By Bryan Menegus, Staff Writer
This just in: Against Me are no longer relevant to punk rock.
The quartet, who once enjoyed legendary status as one of the modern day saviors of the genre, have seen a steady drop in quality since 2005’s “Searching For a Former Clarity.” But even with disappointment becoming the status quo, their most recent studio release, “White Crosses,” comes as a heady blow to fans. There simply isn’t a single good track on here. Their sound has clearly drifted towards polish, pop melodies and cohesion. Unsurprising, considering that, like 2007’s “New Wave,” it features the production of Butch Vig, whose credits include Green Day’s most recent travesty, “21st Century Breakdown.” Whether “White Crosses” is judged against their back catalogue, or the bands they’ve come to sound like, the resulting half hour is a bland, heartless affair which shares no common threads with the things that made Against Me worthwhile.

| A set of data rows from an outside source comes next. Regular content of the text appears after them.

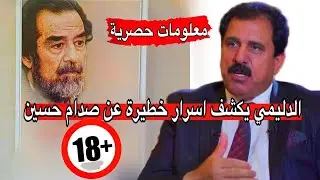 محامي صدام حسين يكشف اسرار خطيرة جدا ومعلومات لأول مرة تنشر في الانترنت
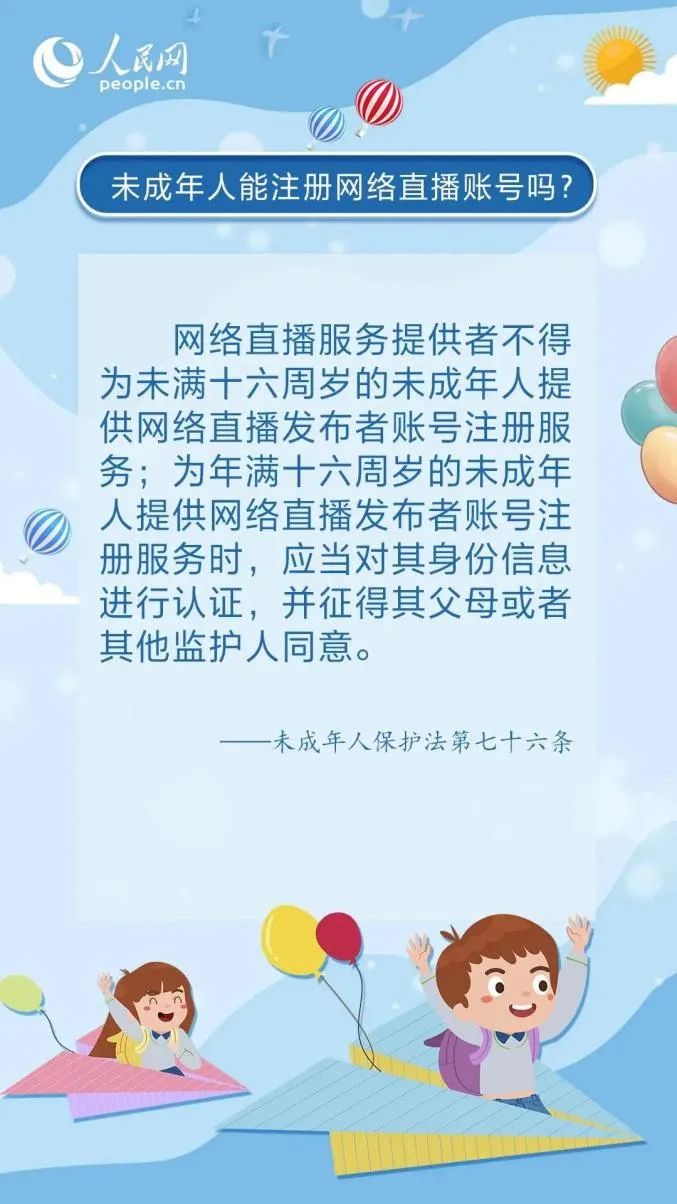 【青少年普法】图说《中华人民共和国未成年人保护法》
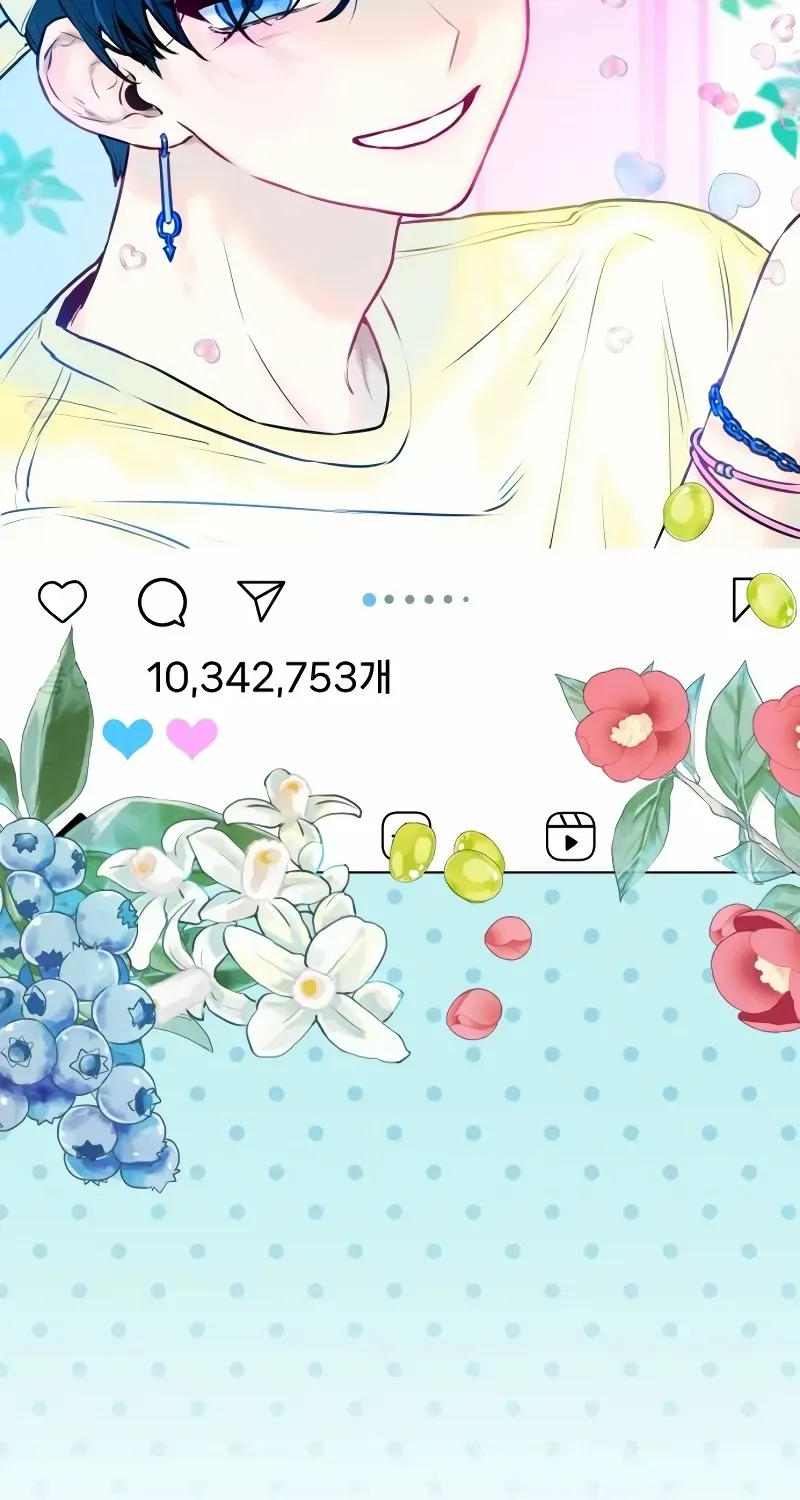 Read Our Guild’s Idol chapter 1 image 10 on Lezhin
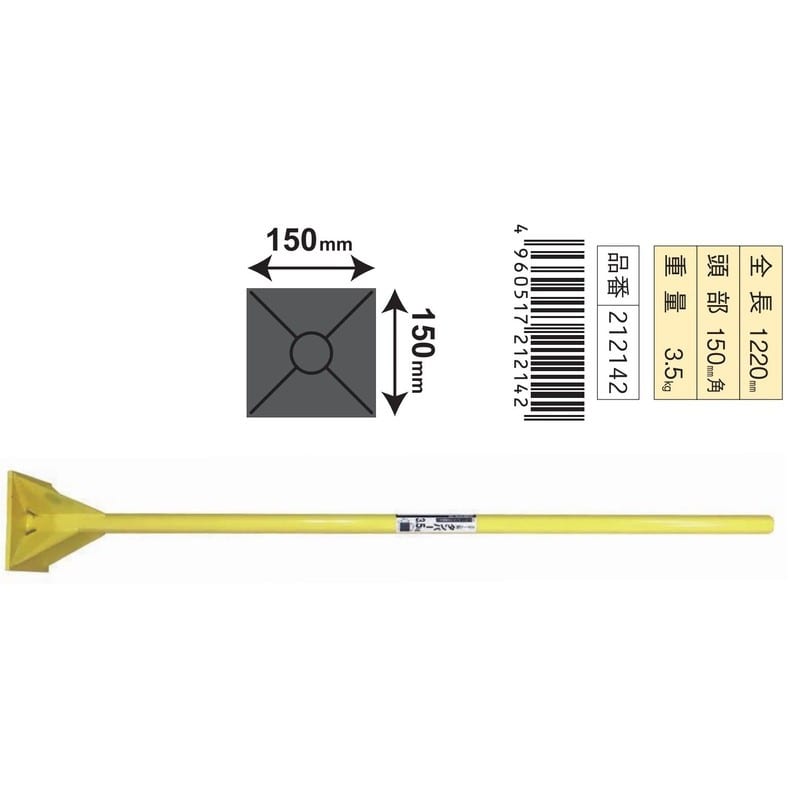 浅香工業 703260 スチール製 タンパー 3.5kg #212142 1個(ご注文単位1個)【直送品】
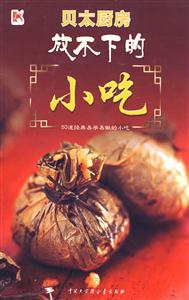 贝太厨房放不下的小吃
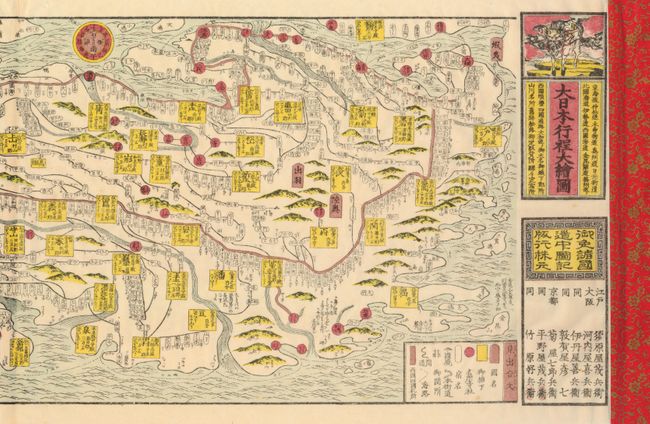 [Scroll Map of Japan]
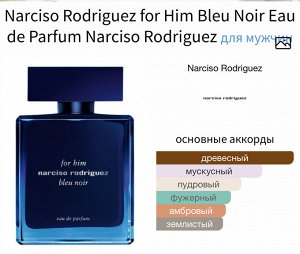 Мужские духи Narciso Rodriguez for Him Bleu Noir Eau de Parfum 100 мл. Оригинал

From the first thirty seconds of the opening title track, it’s clear this record has no merits, though thankfully the opening line “wake up in the morning” is not followed by “feeling like P. Diddy.” The chorus, “white crosses on the church law/I want to smash them all,” sees Gabel to his usual anti-religious invective, but sucked dry of all the poetry that made songs like “Walking is Still Honest” the sing-a-long scripture that struck between your ribs and twisted the knife. “White Crosses” plods along without an acoustic guitar in earshot, and enough excess reverb to make a new Angels and Airwaves album.
And it’s not just the dim-wittedly blunt, pseudo-revolutionary lyrics; Gabel’s voice lacks the ambition that made his sloppy-throated screams believable. The artificial aire of “Suffocation” and the jaunty radio rock of “Bamboo Bones” get caught in a dead heat race to the bottom, only to be beat out by the true killer: “I Was a Teenage Anarchist.” Gabel sings wearily “I was a teenage anarchist/but the politics were too easy,” which would seem like a striking move of honest maturity if it didn’t also rebuke what most of their songs stand for. It’s generally a bad move to sing “don’t you remember when you were young/and you wanted to set the world on fire” when most of your fans are the former, and still desire the latter. Not only are they making terrible music, but Gabel seems to be openly expressing disdain for the material which made him famous.
“White Crosses” is a ten-track case study of a band losing touch, and unless the album leak is an elaborate joke, the world, the fans and Against Me would be better off without it.

Members of the band Against Me in the recording studio. ( againstme.net)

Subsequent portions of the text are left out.